◆ **The data**:
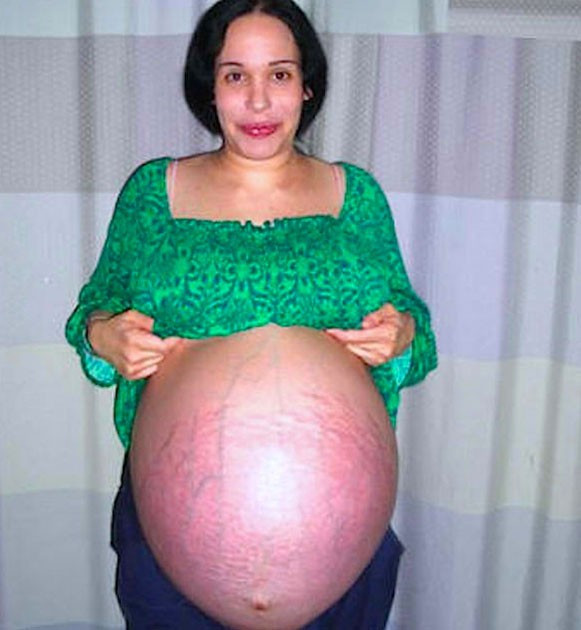 Aynı anda 8 bebek dünyaya getirdi gerçek daha sonra çıktı! - Resim: 2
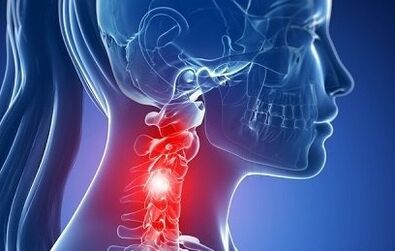 Osteochondral disease on the neck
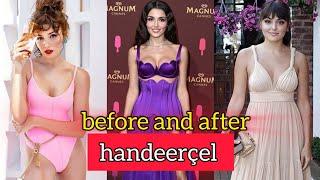 handeercel  #beforeandafter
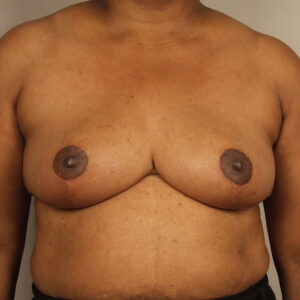 Case--23380 | After Breast 1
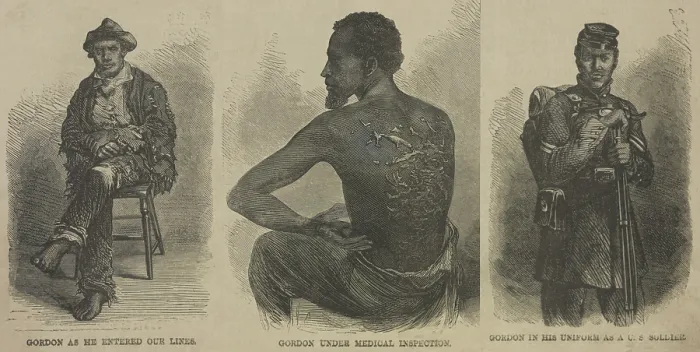 Framed Print : Escaped slave Gordon, whose scarred back from whipping is evidence of the brutality of American slavery Framed Print : Escaped slave Gordon, whose scarred back from whipping is evidence of the brutality of American slavery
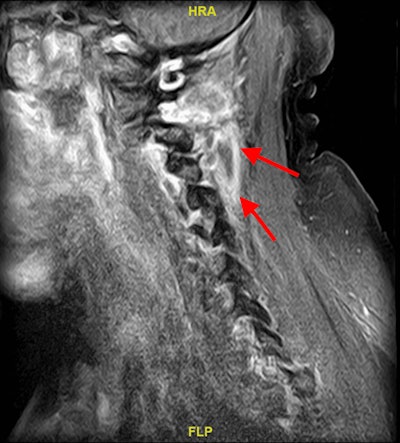 An MRI with contrast of the man’s cervical spine revealed a soft-tissue lesion likely reflecting an abscess with surrounding edema and enhancement (red arrows).
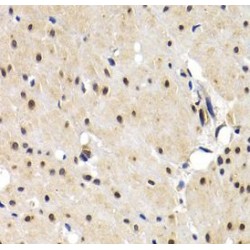 Interferon Regulatory Factor 2 (IRF2) Antibody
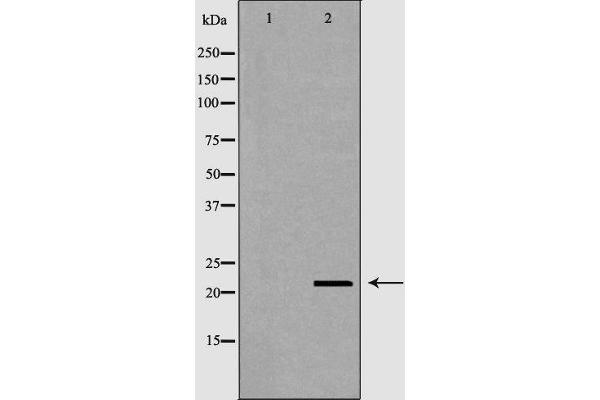 RNASE11 Antikörper  (Internal Region)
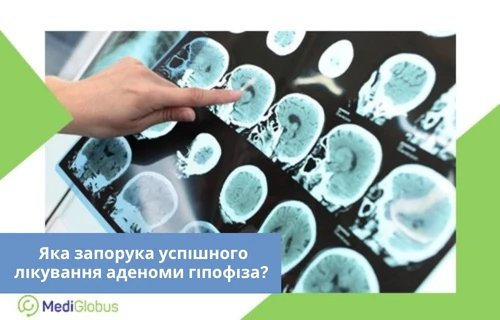 Мультидисциплінарний підхід - запорука успішного лікування аденоми гіпофіза рука вказує на серію знімків головного мозку, зроблених методом МРТ або КТ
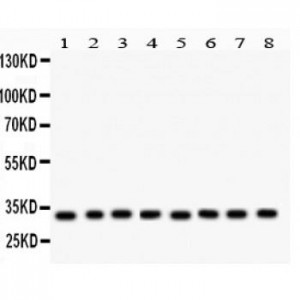 SMN1/2  Antibody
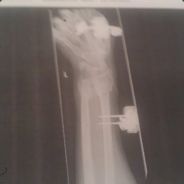 jakal - steam id 76561197960423551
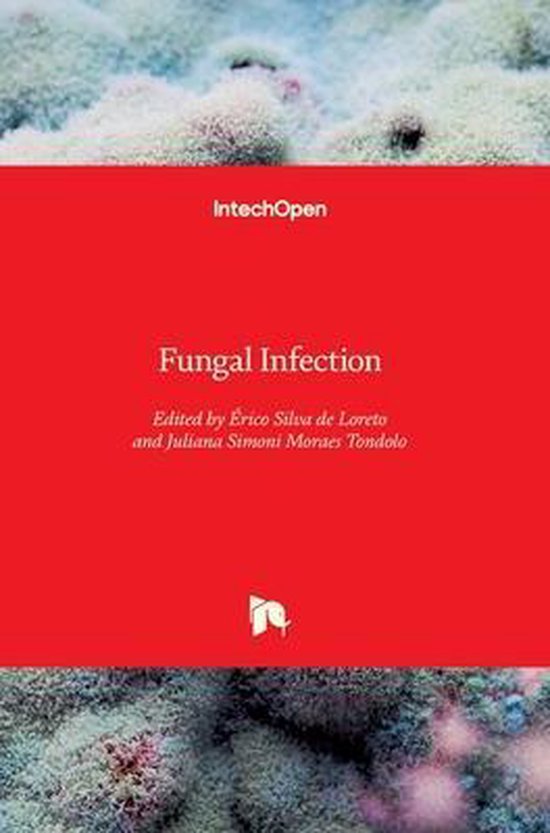 Fungal Infection 9781838804688 Erico Silva de Loreto Boeken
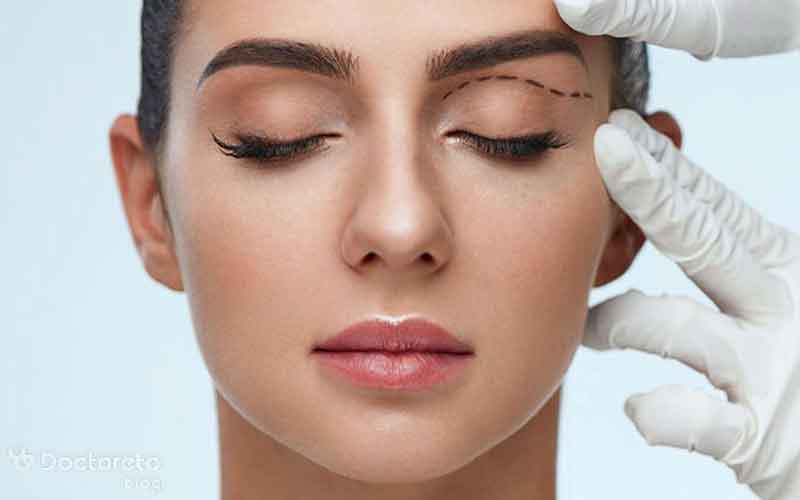 بلفاروپلاستی با لیزر چیست؟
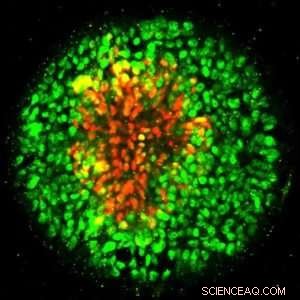 Creating a Human Stem Cell Model to Study Nervous System Development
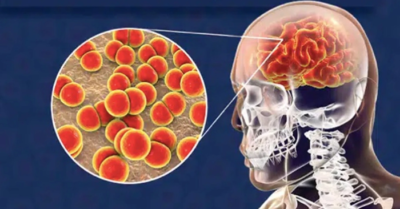 Ca bệnh não mô cầu tăng mạnh, nguy cơ tử vong trong 24 giờ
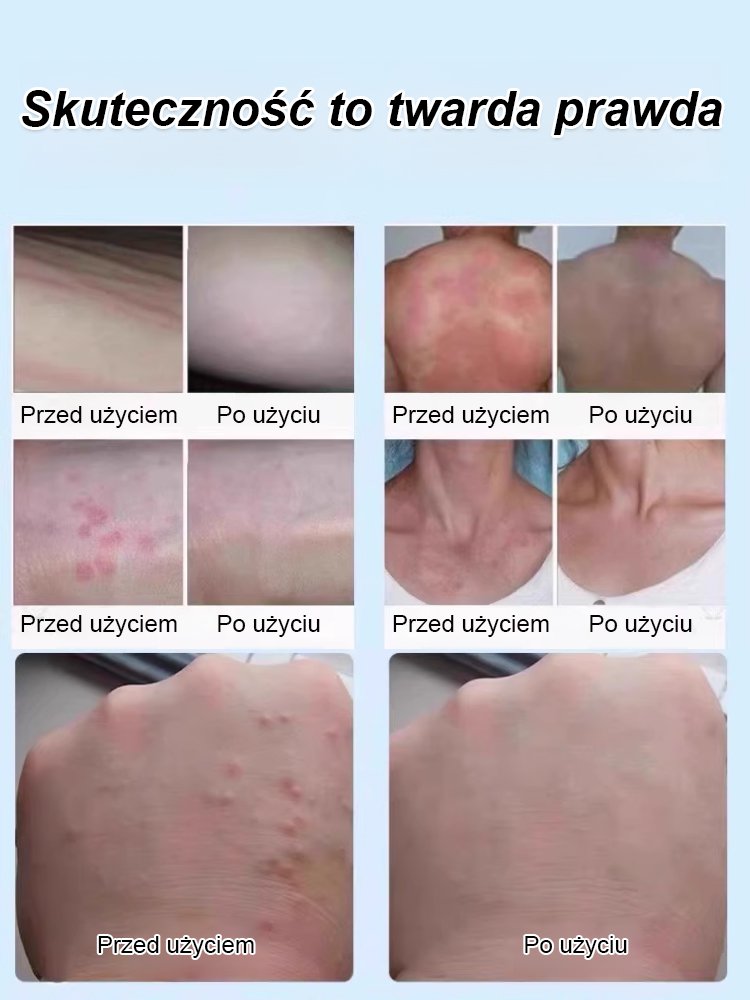 【Pogromca egzemy】Płynny opatrunek do pielęgnacji skóry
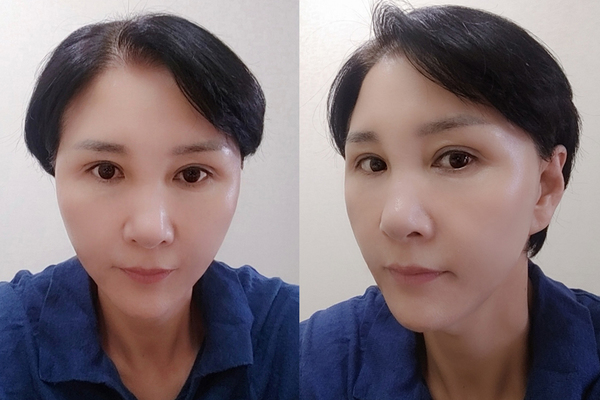 미니거상, 상안검 수술 후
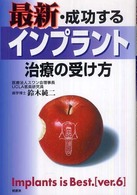 最新・成功するインプラント治療の受け方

◆ **Aim of the task**: The lines to copy run from the one with "Creating a Human" through the end of the material. Write them out exactly, leaving out the pictures.

◆ **Response to this exercise**:
 Creating a Human Stem Cell Model to Study Nervous System Development
 Ca bệnh não mô cầu tăng mạnh, nguy cơ tử vong trong 24 giờ
 【Pogromca egzemy】Płynny opatrunek do pielęgnacji skóry
 미니거상, 상안검 수술 후
 最新・成功するインプラント治療の受け方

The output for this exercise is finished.